Performance & Track Record

  • Company digital growth during Schaller’s Digital tenure includes: marketplace campaigns contributing to ~600 million impressions and ~1 million referrals, ~28 million visits; unique active wallet users +85% in 2024; expanded Apple Pay integration to offer installment options, rewards view/redemption plans, and partner expansions .
  • Digital product innovation highlights (earlier period): native SDK (SyPi), full-lifecycle APIs, SetPay installments, QR code activation and contactless experiences; penetration metrics: ~50–60% applications digital, ~50% retail sales online, ~65% payments digital .
  • Strategic moves tied to platform diversification: acquisition of Ally Lending business for Pay Later transition; sale of Pets Best generating $802 million after-tax gain, with integrated CareCredit reimbursement flow to insurance .

Investment Implications

  • Pay-for-performance alignment: Multi-metric AIP with PPNR and receivables growth plus Strategy & Culture guardrails; 2024 payout at 105% suggests measured upside tied to fundamentals and strategic execution rather than pure discretion .
  • Long-term incentives emphasize earnings quality and returns: 3-year PSUs on EPS and ROE with TSR modifier; above-target payout (175.5%) for 2022–2024 aligns rewards with strong shareholder outcomes and return discipline .
  • Retention and selling pressure: RSUs vest over three years; PSUs over three years—creating staggered vesting and potential periodic sales; anti-pledging/anti-hedging reduce alignment risk; clawback further mitigates governance concerns .
  • Contractual protections: No individual employment agreement; severance/CIC plans provide standard multiples and healthcare premium coverage; double-trigger design and minimum vesting reduce windfall risk while supporting retention through uncertainty .
  • Data gaps: Bart Schaller is not listed among NEOs in recent SCT/plan-based grants; lack of public detail on his individual salary/bonus/grants limits precision in pay benchmarking. Phantom stock unit activity indicates use of deferred comp vehicles; no pledging allowed; Section 16 compliance largely intact aside from an administrative timing error .

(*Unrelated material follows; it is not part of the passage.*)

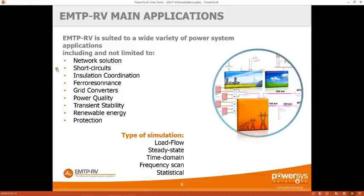We can do a classic short circuit study. Since it's a transient software, you have access to the transient current and the waveform of the steady state current, where you can see the DC components and the high frequency content. Then we do insulation coordination in case of lightning or all types of switching: capacitor bank switching, TOV, TRV, etc.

Overall: Schaller’s incentive structures are tightly linked to company-level earnings, growth, ROE and TSR, with governance controls (ownership, anti-pledging, clawback) lowering misalignment risk. Staggered vesting and PSU performance cycles support retention; periodic equity settlement may create scheduled liquidity events rather than opportunistic selling pressure.